The first decade of the new millennium has refuted Aristotle’s assertion that ‘man is a political animal’. In many respects, new technologies keep glorifying and enhancing the pursuit of selfish pleasures to the detriment of our social duties. At the same time, the escalation of violence in the Middle East points to a new definition of mankind as essentially ‘a religious animal’ whose allegiance to his or her faith overrides any other consideration towards our fellow human beings. In this struggle to recapture the fundamental values of Western Humanism, philosophy has certainly a central role to play. One particular figure seems to embody the intellectual courage needed to face the dual challenge of religious fanaticism and political cynicism.
Simone Weil was born in 1909, of French Jewish parents and died of tuberculosis in England, at the age of 34. Despite her short life, Weil embraced life through the prism of a remarkable sensitivity and a unique philosophical temperament. A young philosophy teacher, in the early 1930’s, she soon became aware of the material poverty and social alienation of the French working class. Like Orwell, she spent a short time fighting on the anti-fascist side in Spain and like Orwell, she shared, if not the life of the homeless In London and Paris, the long hours of factory life and the fraternity of workers, physically exploited and deprived of a sense of purpose in their tedious everyday existence. Weil fully understood the social frustrations of her fellow workers but she also carefully refrained from joining a political party despite her ‘Marxist’ reading of an economic system turning its workers into ‘slaves’ and crushing their human aspirations. However her conception of social relations was dramatically transformed by her ‘mystical’ experience of 1935 when she felt the overwhelming presence of Christ in her soul. From then on, Weil called herself ‘a Christian, outside the Church’, combining a strong sense of social justice with a fervent spiritual, but non dogmatic, approach of human existence. Deeply opposed to any kind of political power or religious authority (which she refers to as ‘force’), the young woman made her way to London where she offered her services to the Free French organisation in the hope of seeing a better Europe emerge from the years of bloody struggle against Nazism.

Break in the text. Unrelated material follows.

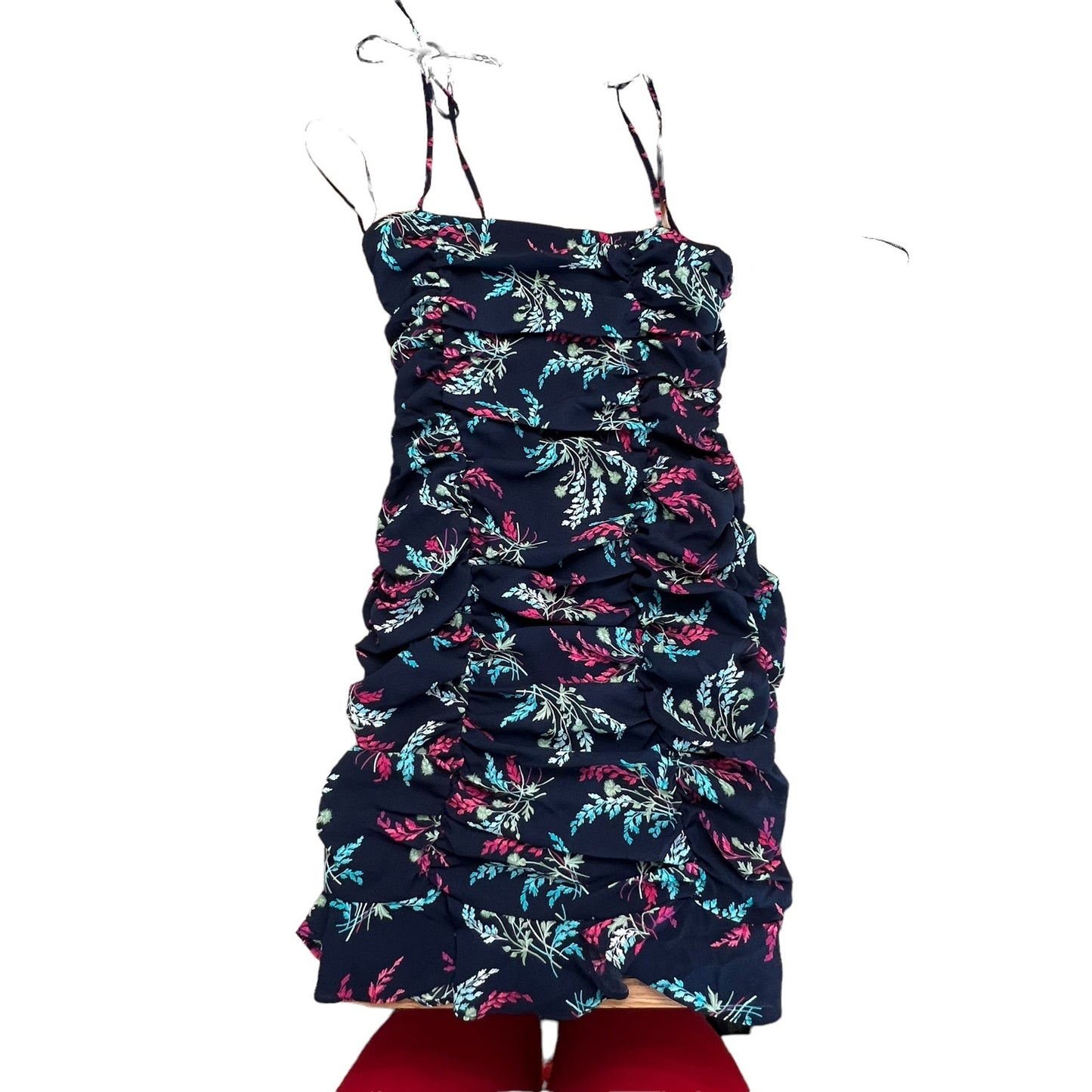 NWT Likely Rowley Mini Navy Floral Ruched Ruffle Square Neck Dress Women's 2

Weil passionately believed in the rise of a more human and more cooperative society, liberated from the constraints of economic competition and allowing each individual time to blossom and cultivate his spirituality: a kind of Christian socialist community with no trace of ‘dictatorship of the proletariat’. Like Marx, she believed in the paramount importance of work as a source of self-affirmation but more importantly, as a source of communion with others … and Christ, as a way of participating in the divine Order. Critics of globalisation find in Weil a thinker who defines man as a physical, social and spiritual entity, deeply rooted in its local, cultural traditions. A ‘mystical philosopher’, she saw in the latter the very foundations of man’s happiness, the purpose of life being to accept the world as it is and to work towards its improved ‘humanisation’. It is not surprising that Albert Camus considered Simone Weil an outstanding thinker as they both shared the same desperate love of life and the same sympathy for a suffering humanity which they hoped to see, one day, reconciled with itself.